Negli ultimi anni la sua ricerca si concentra sulle tecniche tradizionali della scultura applicate ad un immaginario contemporaneo: catastrofi, visioni distopiche, studi sulla decadenza e sugli abusi edilizi.
Il suo approccio è fortemente legato alla conoscenza dei materiali, all’uso delle mani .
Da alcuni anni si dedica anche al design e alla creazione di oggetti d’arte, e alla scultura in ceramica.
Inizia una collaborazione con la galleria Otto luogo dell’arte di Firenze, e nel 2012 la sua lampada a forma di cervello Illuminante viene recensita da Il Venerdì di Repubblica e dal giornale Arte, Mondadori.
Ricordiamo tra le mostre, la mostra Duo presso Otto Luogo dell’arte , 2012, Firenze, ’tween the lines, 2013 rassegna sull’incisione contemporanea, Laboratorio 21, Immaginar di Tavole Imbandite, 2014-2015, Palazzo Boccella, Lucca, a cura di Mauro Lovi.
Nel 2015 Still life, opera disegnata e realizzata con Caterina Sbrana per Studio17 vince il primo premio di ceramica di design alla prima edizione del Premio Internazionale Baccio da Montelupo, indetto dal Museo della Ceramica di Montelupo, Firenze.
Attualmente continua la propria ricerca artistica nel campo della scultura e del design e ha creato Studio17, con l’artista Caterina Sbrana, studio che produce tra l’altro oggetti d’arte e design.
www.studio17.it
Opera catastrofica in tre atti.
Tre momenti di un unico apocalittico evento, compongono questo lavoro.
Tre frame cinematografici, tre sequenze di una storyboard, una sceneggiatura tridimensionale, che ho modellato in argilla rossa in maniera urgente e fresca come un bozzetto.
Non sappiamo cosa sia successo, possiamo vedere però cosa succede dopo.
Una grande città in miniatura va a fuoco.
Distruzione e decadenza, l’ entropia della natura che avvolge gli scheletri degli edifici e riprende possesso, l’uomo non c’è più, le forme di vita che pretendeva di dominare abitano i suoi spazi.
Immagini apocalittiche abitano il nostro immaginario, letterario, visivo, interiore.

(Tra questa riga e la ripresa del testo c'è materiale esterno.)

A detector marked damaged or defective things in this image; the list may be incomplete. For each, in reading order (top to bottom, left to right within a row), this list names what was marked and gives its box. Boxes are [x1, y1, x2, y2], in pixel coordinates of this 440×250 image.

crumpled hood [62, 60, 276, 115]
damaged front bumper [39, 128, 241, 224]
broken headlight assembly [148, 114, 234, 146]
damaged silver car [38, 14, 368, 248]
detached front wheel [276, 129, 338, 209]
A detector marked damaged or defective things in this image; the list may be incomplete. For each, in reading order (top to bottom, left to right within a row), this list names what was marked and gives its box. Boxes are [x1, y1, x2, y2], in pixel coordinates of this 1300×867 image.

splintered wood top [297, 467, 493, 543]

Possiamo osservare questo lavoro dall’alto, prendendo metaforicamente le distanze, oppure possiamo farci piccoli e immaginare noi stessi all’interno della città che va a fuoco o immaginare il rumore della vegetazione che cresce, o identificarci nel cane e sentire l’aria fresca che ci accarezza il pelo mentre osserviamo le rovine dall’alto nella terza e ultima scena.
In qualsiasi caso non possiamo ignorare quanto questa storia ci appartenga e ci riguardi.

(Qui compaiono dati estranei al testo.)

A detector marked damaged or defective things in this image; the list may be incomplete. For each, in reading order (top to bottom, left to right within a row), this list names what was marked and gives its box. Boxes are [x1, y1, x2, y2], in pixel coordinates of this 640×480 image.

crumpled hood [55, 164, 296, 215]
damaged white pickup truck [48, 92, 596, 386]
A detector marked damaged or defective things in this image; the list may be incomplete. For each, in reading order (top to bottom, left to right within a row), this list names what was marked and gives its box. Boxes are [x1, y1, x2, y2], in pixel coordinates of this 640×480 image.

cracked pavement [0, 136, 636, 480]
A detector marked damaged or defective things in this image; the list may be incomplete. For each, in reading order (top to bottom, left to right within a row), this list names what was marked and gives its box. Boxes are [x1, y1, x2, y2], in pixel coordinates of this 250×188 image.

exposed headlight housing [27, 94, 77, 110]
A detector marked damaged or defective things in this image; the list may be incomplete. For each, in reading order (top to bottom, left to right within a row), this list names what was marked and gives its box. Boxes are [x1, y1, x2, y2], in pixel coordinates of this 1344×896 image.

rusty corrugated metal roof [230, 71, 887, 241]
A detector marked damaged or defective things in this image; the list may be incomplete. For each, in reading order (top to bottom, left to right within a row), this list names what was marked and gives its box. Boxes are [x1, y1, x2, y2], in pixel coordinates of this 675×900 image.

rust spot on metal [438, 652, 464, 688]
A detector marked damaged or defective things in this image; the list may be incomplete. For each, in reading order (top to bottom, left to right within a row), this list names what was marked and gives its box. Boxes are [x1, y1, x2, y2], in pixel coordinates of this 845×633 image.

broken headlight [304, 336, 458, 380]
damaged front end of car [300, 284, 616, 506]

Da qualsiasi parte la si guardi questa è una storia che è già accaduta e che probabilmente accadrà di nuovo.
L’immagine distopica della prima scena lascia il posto ad un visione finale aperta, inevitabile ma rigeneratrice e quasi rasserenante, una sorta di utopia in cui l’uomo non è contemplato: la natura che cresce silenziosa.